By signalling its intention to purchase another $600bn of longer-term Treasury securities by the end of June 2011, the Fed hopes its injections of cash will lower interest rates, bolster asset prices, increase wealth and encourage households and companies to spend and hire. Moreover, by noting the possibility of doing more if the data disappoint, it is also hoping that markets could price in the institution’s future asset purchases, turbo-charging the direct policy impact before those purchases have even been specified.
For a little more color you can check in with Cullen Roche, aka Pragmatic Capitalism who has been writing about this in a lot of detail. My focus has been to be more concerned with portfolio implications as this is my job, not trying to solve the world's problems.
However, it is important to be cognizant of what I will call a malignancy in the US stock and bond markets being unleashed by Ben Bernanke and his Federal Reserve Posse. Between all of the commentary on what the Fed is doing and Bernanke's op-ed in the Washington Post you should realize that policy is now targeting asset prices. If you do some blog reading you will find comments saying that the Fed is making it so that just holding cash is stupid, that by keeping interest rates so low investors are forced into buying risk assets. To the extent this is true it is heinous.
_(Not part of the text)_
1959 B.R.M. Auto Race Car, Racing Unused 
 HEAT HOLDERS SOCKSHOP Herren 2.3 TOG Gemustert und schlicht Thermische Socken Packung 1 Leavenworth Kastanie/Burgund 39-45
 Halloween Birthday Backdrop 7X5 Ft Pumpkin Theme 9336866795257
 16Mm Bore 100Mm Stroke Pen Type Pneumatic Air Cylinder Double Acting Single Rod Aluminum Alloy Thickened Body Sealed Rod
It is heinous for what could be several different bad outcomes, outcomes that could be worse than what is trying to be fixed. While I don't know if that will be the outcome this is one conclusion to draw from keeping interest rates at 1% for too long seven or eight years ago (although this was only one factor and not the biggest factor). If the rally in US equity prices we have enjoyed for the last few months has nothing but air under it then the consequence could be another painful decline--this would not be unprecedented obviously but could push any non-government induced recovery further down the road if the wealth effect actually does matter.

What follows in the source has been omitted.